Chinese scientists have started to manufacture graphene from corn, they announced at a press conference held at Heilongjiang University. This breakthrough means that graphene could now be made more cheaply, greatly expanding the supply of the material which has until now remained relatively small, China’s Global Times reported.
Previously, the main source of graphene was graphite. Graphene is a rare type of carbon that has found practical applications in the semiconductor, electronics and battery industries. The super-light material is 200 times stronger than steel, an excellent conductor of heat and electricity and nearly transparent.
This latest breakthrough means that scientists will now be able to produce graphene more cheaply, greatly expanding the supply of the material which has until now remained relatively small.
Fu Honggang, deputy dean at the School of Chemistry and Materials Sciences of Heilongjiang University began research into biological sources of graphene to chip away the expense and enormous pollution of traditional production methods, the report said.
The university cooperated on this research with the Shengquan Group, a Jinan-based chemicals firm, and set up the word’s first manufacturing line dedicated to producing graphene from biological sources in 2014. It produced 20 tonnes of graphene from corn fibres in its first year and later expanded its annual output to 100 tonnes in 2016.
Corn cobs all around
This breakthrough will help Heilongjiang put its agricultural waste to good use, said Yu Lihe, deputy director of Heilongjiang’s Science and Technology Department.
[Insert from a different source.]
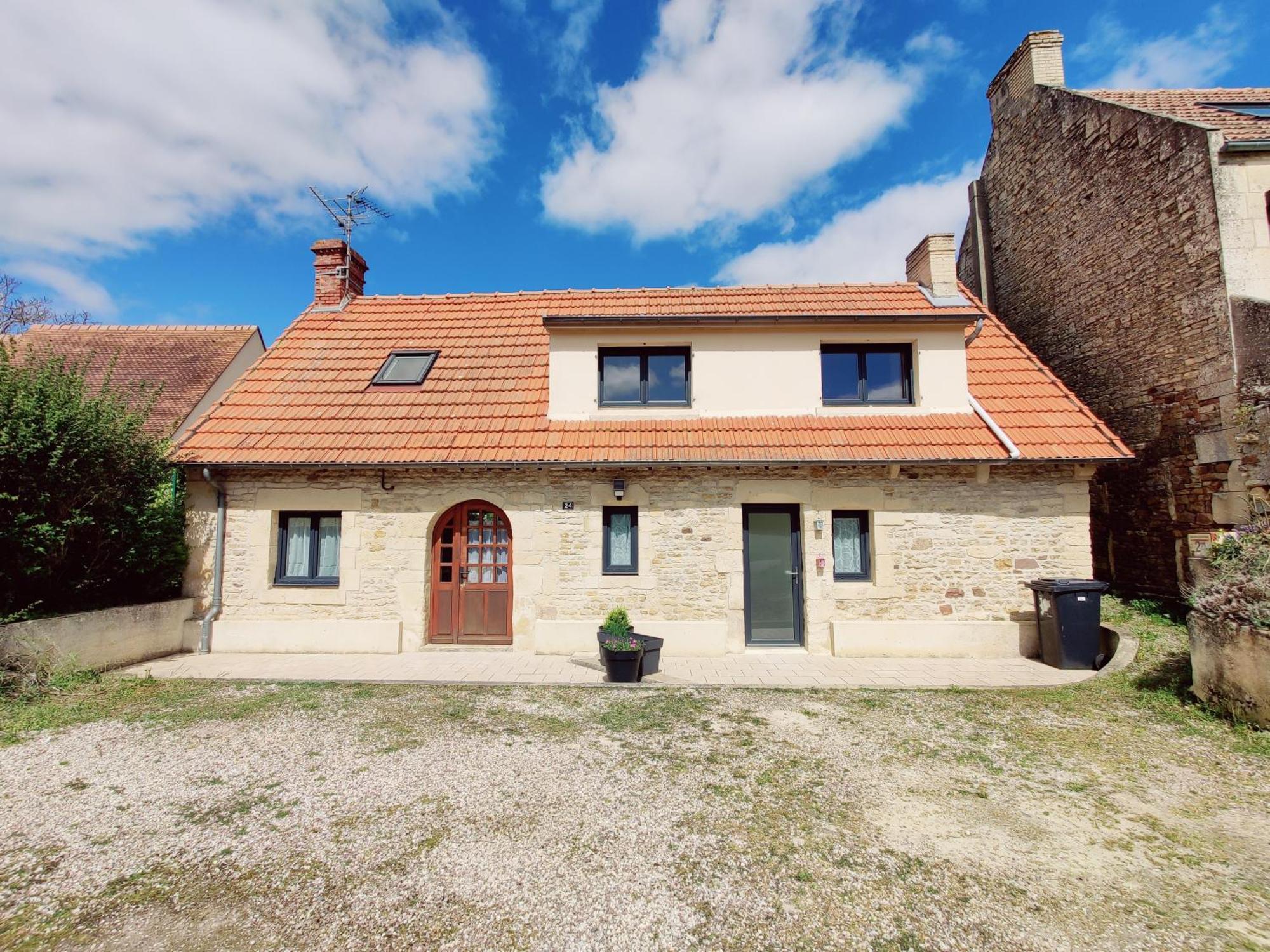 Maison 30M2 - 1 Chambre - Jardin Fontaine-Etoupefour Екстериор снимка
In China, the yearly output of corn cobs among all biomass can reach as much as 100 million tons, most of which comes from northeast China, Shandong province and Hebei province. The product line, supported by biomass graphene materials with a yearly output of 100 tons, can create an output value of 300 to 500 million RMB (between $43.6 million and $72.7 million).
Graphene been hailed as the strongest and most conductive material in the world, with a huge range of electronic and medical applications. Sporting goods companies were among the first to make graphene-enhanced products – aside from bike frames and tyres, there are graphene-enriched tennis rackets from Head.
Graphene has a tensile strength of 130 gigapascals (Gpa), and, on a molecular level, is claimed to be the strongest known material in the world, 2000 per cent stronger than the toughest carbon fibre, It is stronger than diamond.
Graphene is also a superlative electrical conductor and can be used to in electronic drivetrains, power meters, computers, and lights. There are plenty of strong claims made for the use of graphene in the bike industry but, to date, only Vittoria, Catlike and Dassi have graphene-linked products on the market.
Catlike uses graphene in its high-end Mixino helmet. Vittoria’s 2017 tyre range majors on the inclusion of graphene in its list of ingredients. Vittoria claims that adding a one-atom-thick layer of graphene allows its tyres to remain hard on the straights but soften during braking or cornering. The Graphene+ tyres are also longer-lasting and more puncture resistant, says the Italian company, and they dissipate heat more efficiently.